A TEENAGER who it is claimed was unlawfully killed by British troops in Iraq had been tortured and hanged, his uncle has said.
Khudur Al-Swaiedi said he was present when body bags handed back by British forces were taken to hospital and opened, describing the scene as an “inhuman catastrophe”.
Mr Al-Swaiedi, 48, is giving evidence to the Al-Sweady Public Inquiry, which is examining claims that UK soldiers killed detainees after the “Battle of Danny Boy” in Iraq in May 2004.
It is alleged that Iraqis were unlawfully killed at Camp Abu Naji (CAN) near Majar-al-Kabir on 14 and 15 May 2004, and detainees were ill-treated there and at Shaibah Logistics Base.
The claims are denied by the Ministry of Defence (MoD), which says those who died were killed on the battlefield.
Mr Al-Swaiedi, said he washed the body of 19-year-old Hamid after it had been handed back by British forces.
In the first of two witness statements, made in July 2010, and released yesterday as he appeared at the inquiry, he said he found signs of torture on the teenager, including a boot-shaped bruise on his forehead, as well as a broken arm and bullet wounds. There were also signs he had been hanged.
The 48-year-old said discrepancies between various statements he had made, and between his evidence and that of other witnesses, was due to mistakes and some had been caused by translation in the past.
He said: “We saw ambulances. British army ambulances, from a distance. Things were being handed over. It turned out that those were body bags.”

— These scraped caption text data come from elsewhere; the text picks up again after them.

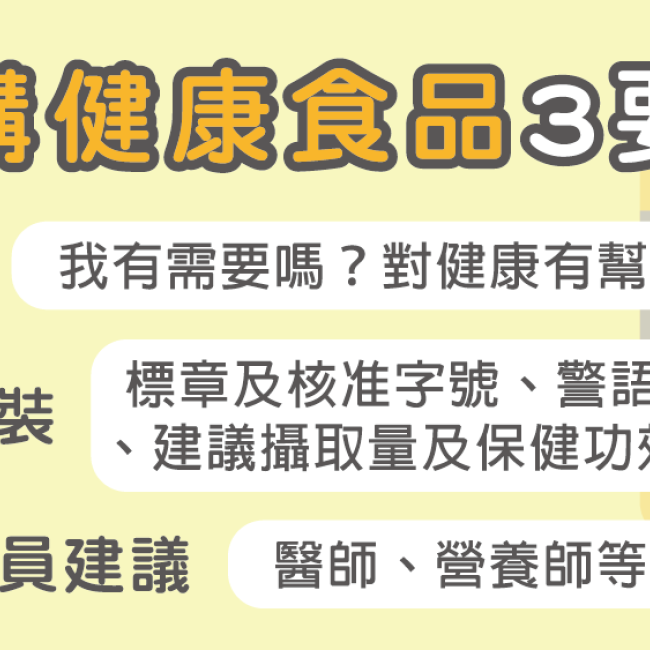健康食品怎麼挑?跟著食藥署停!看!聽! 健康食品怎麼挑?跟著食藥署停!看!聽!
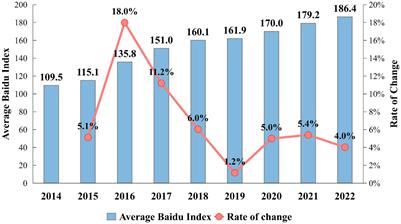 Analysis of the situations and influencing factors of public anxiety in China: based on Baidu index data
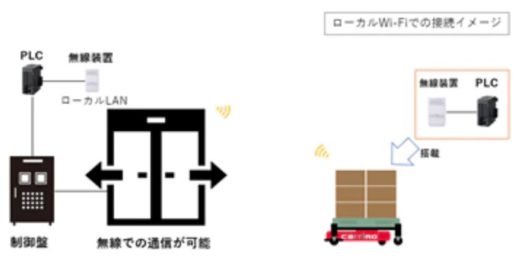 20210325zmp 520x261 - ZMP／CarriRoが三菱電機等4社のPLCと連携可能に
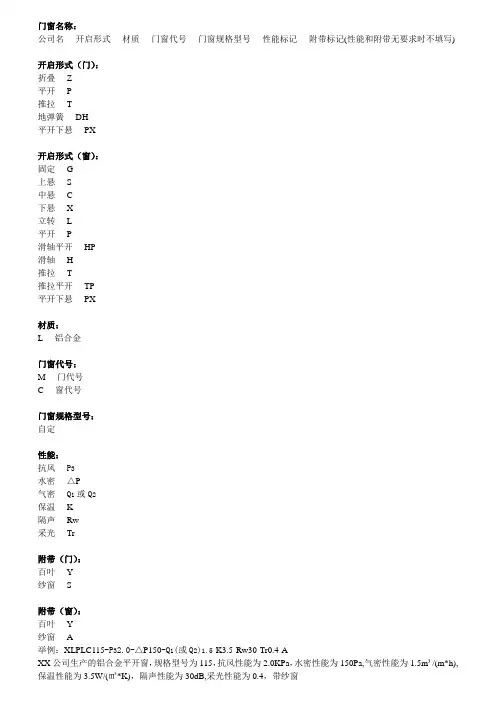 铝合金门窗编号规则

They travelled to the Al-Sadr Hospital, where the bodies were taken, and he witnessed an “inhuman catastrophe” as the bags were opened. In his statement he said injuries to the bodies not only included bullet wounds, but also missing eyes and, in one case, missing genitals.

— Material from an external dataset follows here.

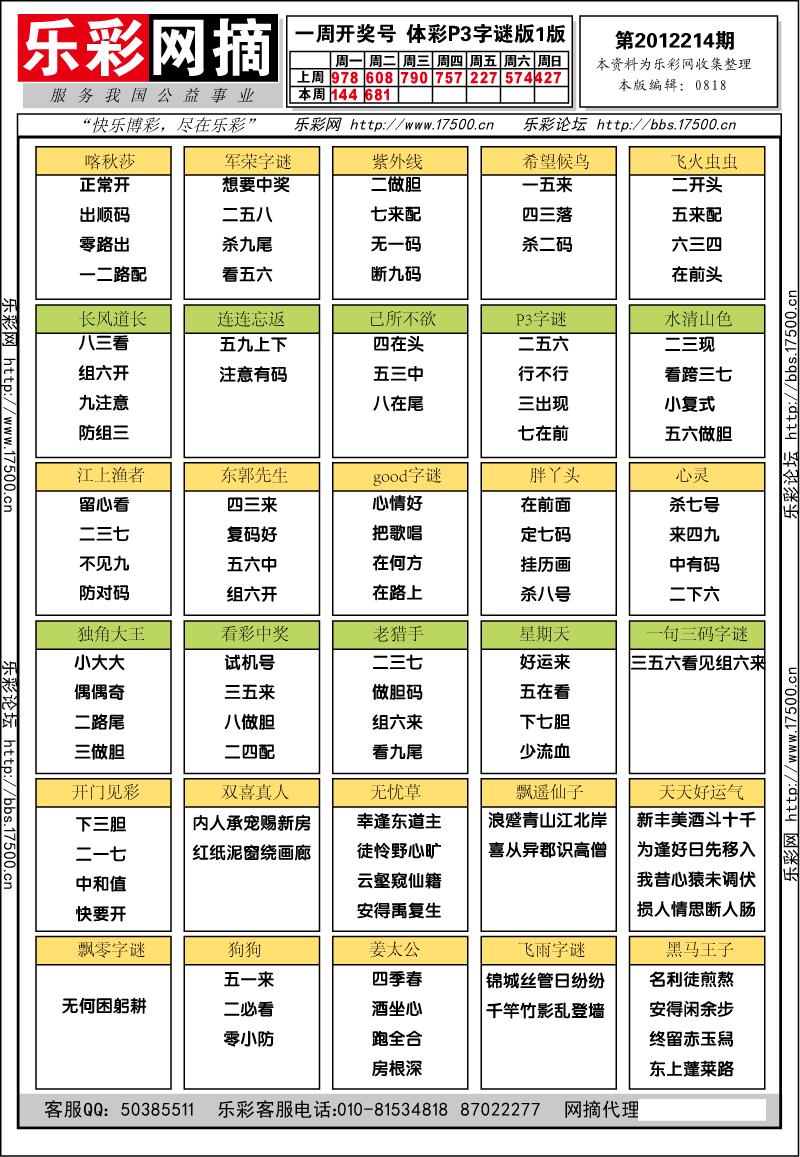 排列三第2012214期字谜总汇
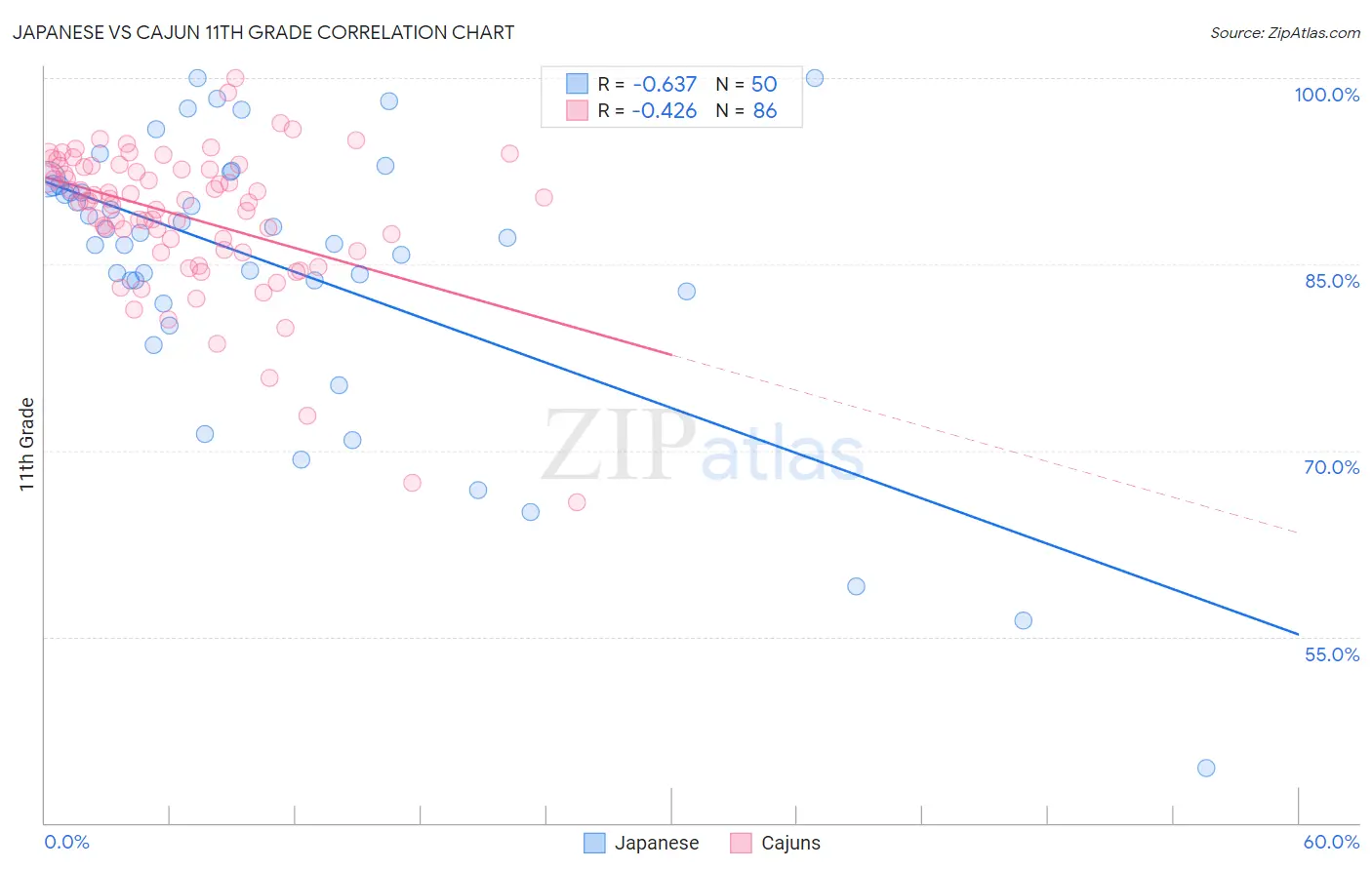 Japanese vs Cajun 11th Grade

In his July 2010 statement, the 48-year-old said his nephew’s injuries included bullet holes, “signs of torture on his chest”, as well as “bruises by a boot to his forehead”. He said one of his arms was broken and there was a “hole in his neck”.
“I would say the primary cause of death was hanging and torture,” his statement said.
The inquiry heard Hamid’s death certificate mentioned torture, but nothing about hanging.
The inquiry has heard that insurgents ambushed the Argyll and Sutherland Highlanders near the Danny Boy checkpoint on 14 May 2004.
Counsel to the inquiry Jonathan Acton Davis QC said enemy dead would normally have been left on the battlefield, but 20 Iraqi bodies were taken to CAN, along with nine detainees.
It is alleged that not all 20 died on the battlefield, and at least one was killed by a British soldier after he had been returned alive to CAN. Counsel for the MoD rejects the claims, saying there is a “complete lack of credibility and reliability”.
Hamid Al-Sweady’s father, Mizal Karim, told the inquiry his son’s injuries included marks around his neck that appeared as if he had been electrocuted.